Assignment ▸ All that is wanted is the exact text of the lines below from the one with "HCMC Chief Sends" through the one with "columbia ridge hiking boots", inclusive, minus any pictures.

Dataset extract ▸
---

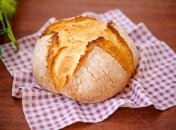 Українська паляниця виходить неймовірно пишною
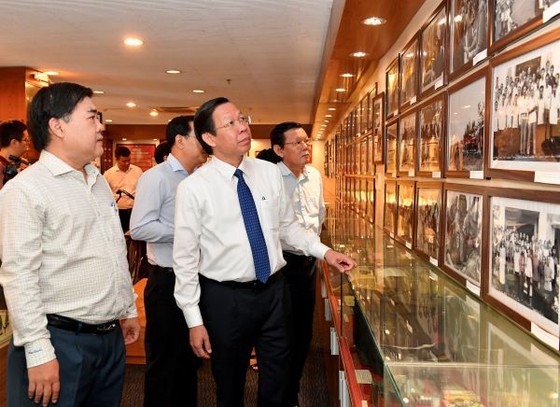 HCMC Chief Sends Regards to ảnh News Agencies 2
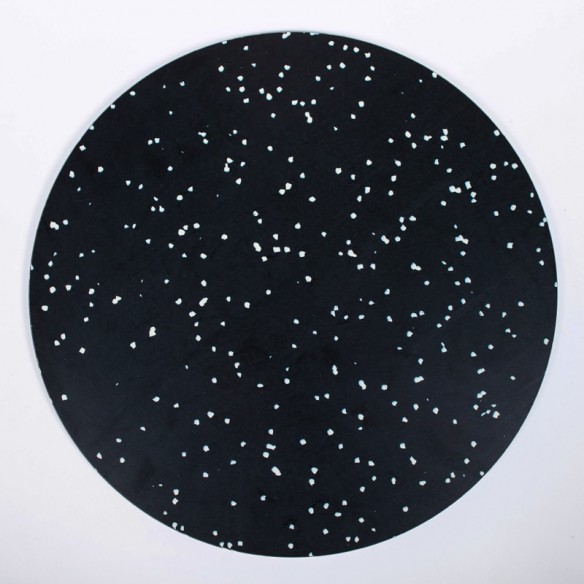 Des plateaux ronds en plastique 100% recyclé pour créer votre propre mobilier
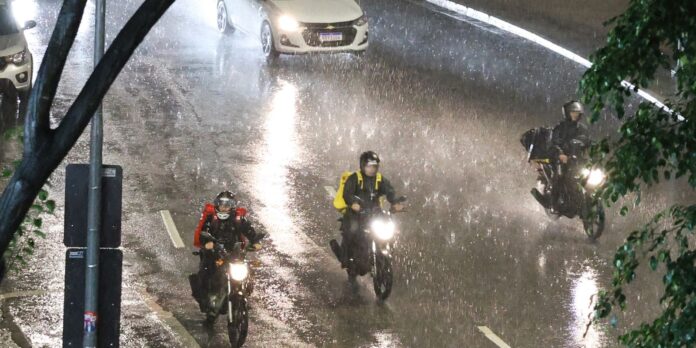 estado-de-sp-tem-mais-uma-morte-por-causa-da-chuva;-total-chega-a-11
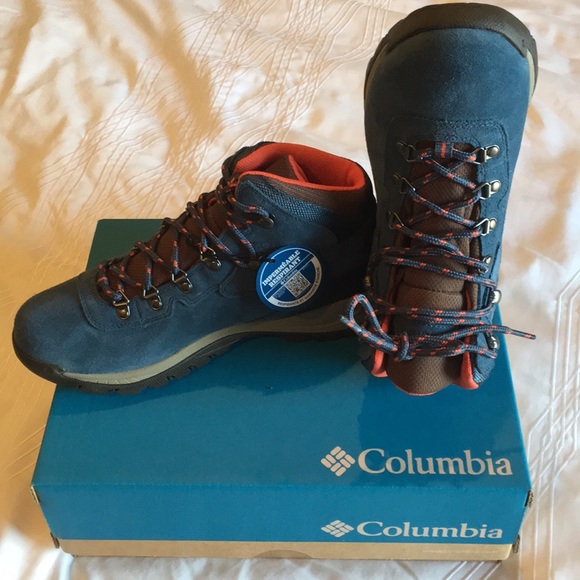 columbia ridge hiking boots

---

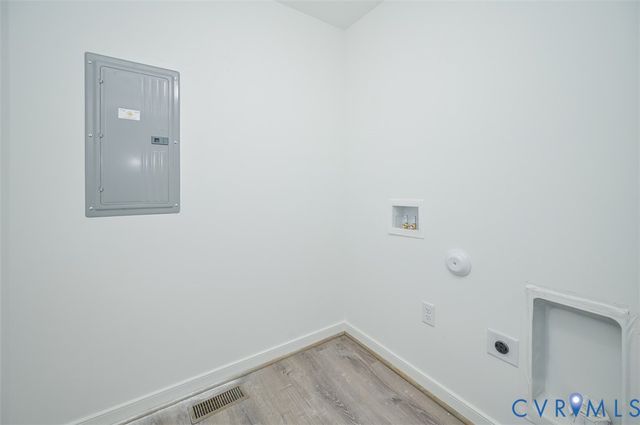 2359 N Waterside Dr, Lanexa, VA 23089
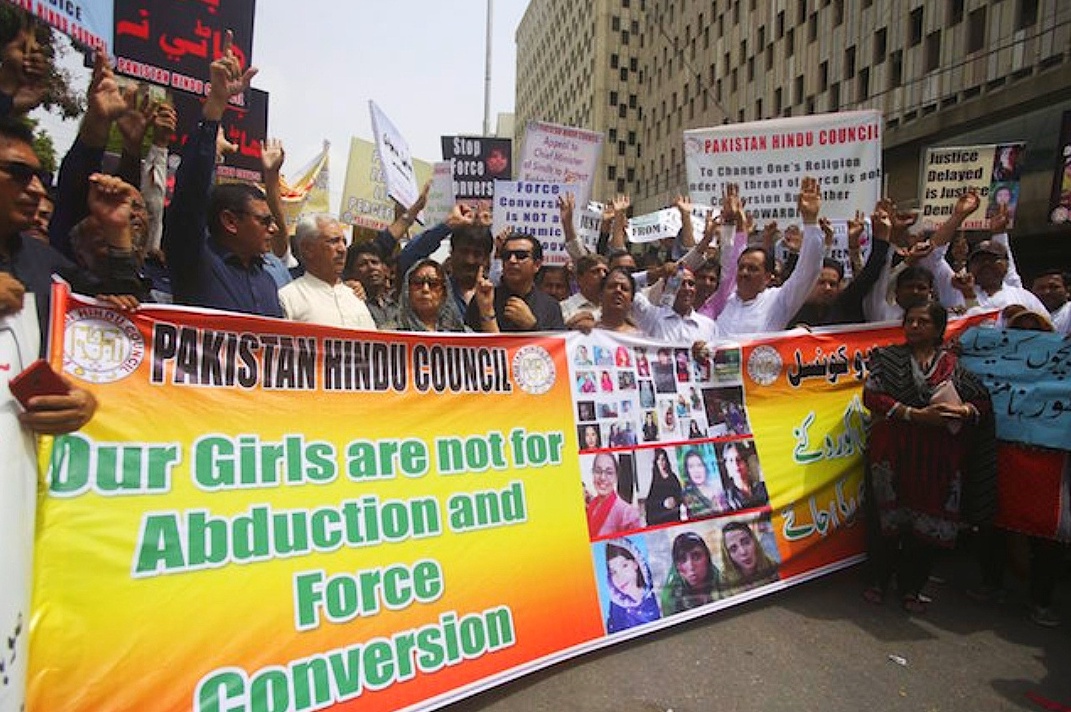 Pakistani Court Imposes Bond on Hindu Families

---

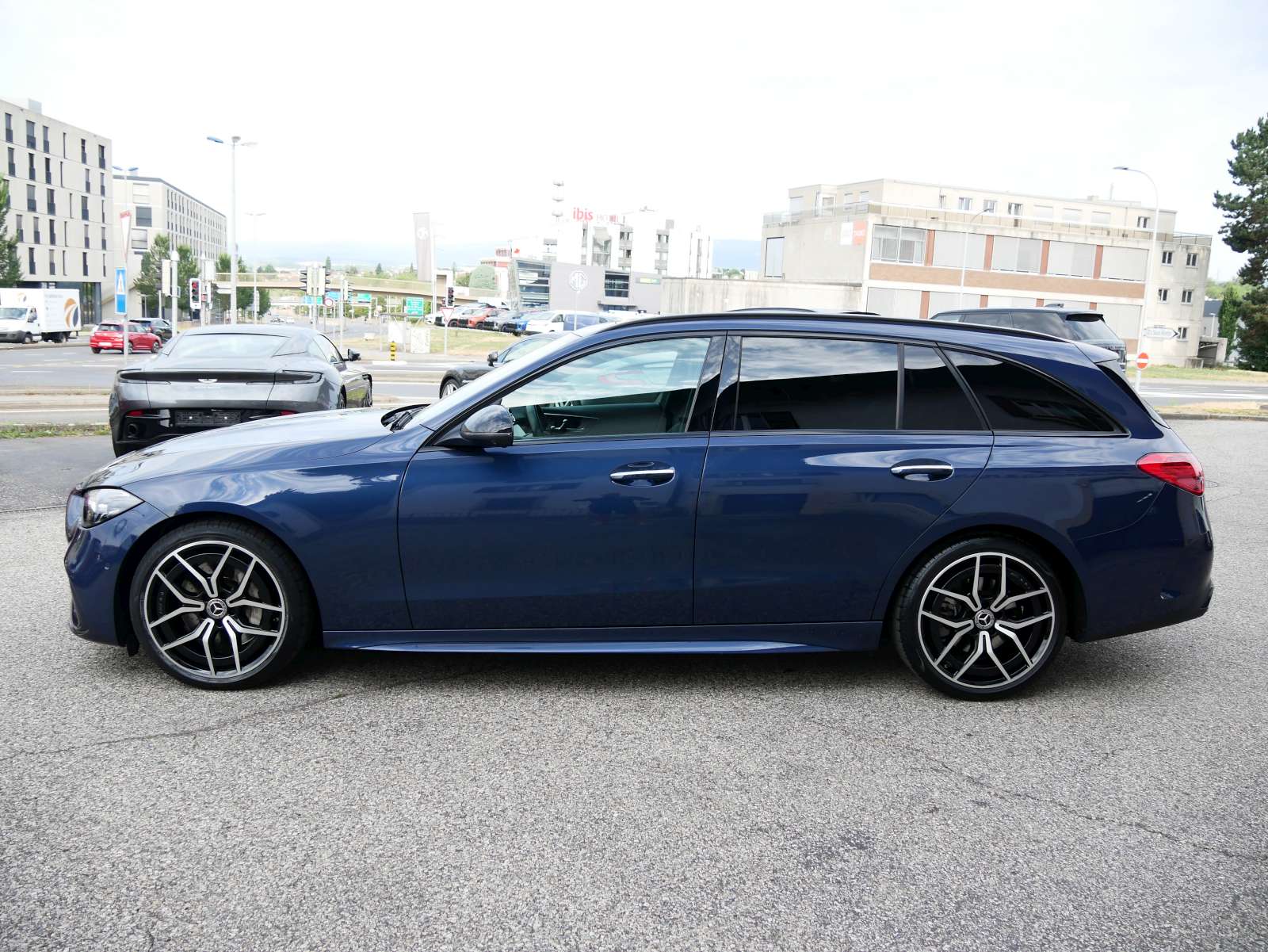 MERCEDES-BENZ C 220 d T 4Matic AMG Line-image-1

---

Response for this exercise ▸
 HCMC Chief Sends Regards to ảnh News Agencies 2
 Des plateaux ronds en plastique 100% recyclé pour créer votre propre mobilier
 estado-de-sp-tem-mais-uma-morte-por-causa-da-chuva;-total-chega-a-11
 columbia ridge hiking boots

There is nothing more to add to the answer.